[GH-ISSUE #3425] Allow override of amdgpu version check #48621

Closed
opened 2026-04-28 08:56:58 -05:00 by GiteaMirror · 12 comments
Owner

Originally created by @sebastian-philipp on GitHub (Mar 31, 2024).
Original GitHub issue: https://github.com/ollama/ollama/issues/3425

Originally assigned to: @dhiltgen on GitHub.

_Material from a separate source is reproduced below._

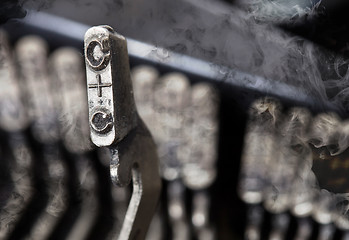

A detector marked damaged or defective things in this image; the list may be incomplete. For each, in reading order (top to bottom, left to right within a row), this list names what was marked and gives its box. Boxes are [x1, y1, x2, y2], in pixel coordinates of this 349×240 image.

What are you trying to do?

HSA_OVERRIDE_GFX_VERSION="11.0.2" /usr/local/bin/ollama serve 
...
time=2024-03-31T15:09:39.342+02:00 level=WARN source=amd_linux.go:53 msg="ollama recommends running the https://www.amd.com/en/support/linux-drivers: amdgpu version file missing: /sys/module/amdgpu/version stat /sys/module/amdgpu/version: no such file or directory"

Though I have the distribution kernel package:

 ll /sys/module/amdgpu/rhelversion 
-r--r--r--. 1 root root 4,0K 31. Mär 15:13 /sys/module/amdgpu/rhelversion

And yes, I have seen the if we see users crash and burn with the upstreamed kernel comment in the code. But I'd at least like try out the distribution driver. Right now it's a nightmare to try out the distribution driver, as you need to enter the rabbit hole of patching and re-compiling the source code following https://github.com/ollama/ollama/blob/main/docs/development.md#linux-rocm-amd .

How should we solve this?

I'd like to see a AMDGPU_VERSION_OVERRIDE environment variable to override this /sys/module/amdgpu/version version check.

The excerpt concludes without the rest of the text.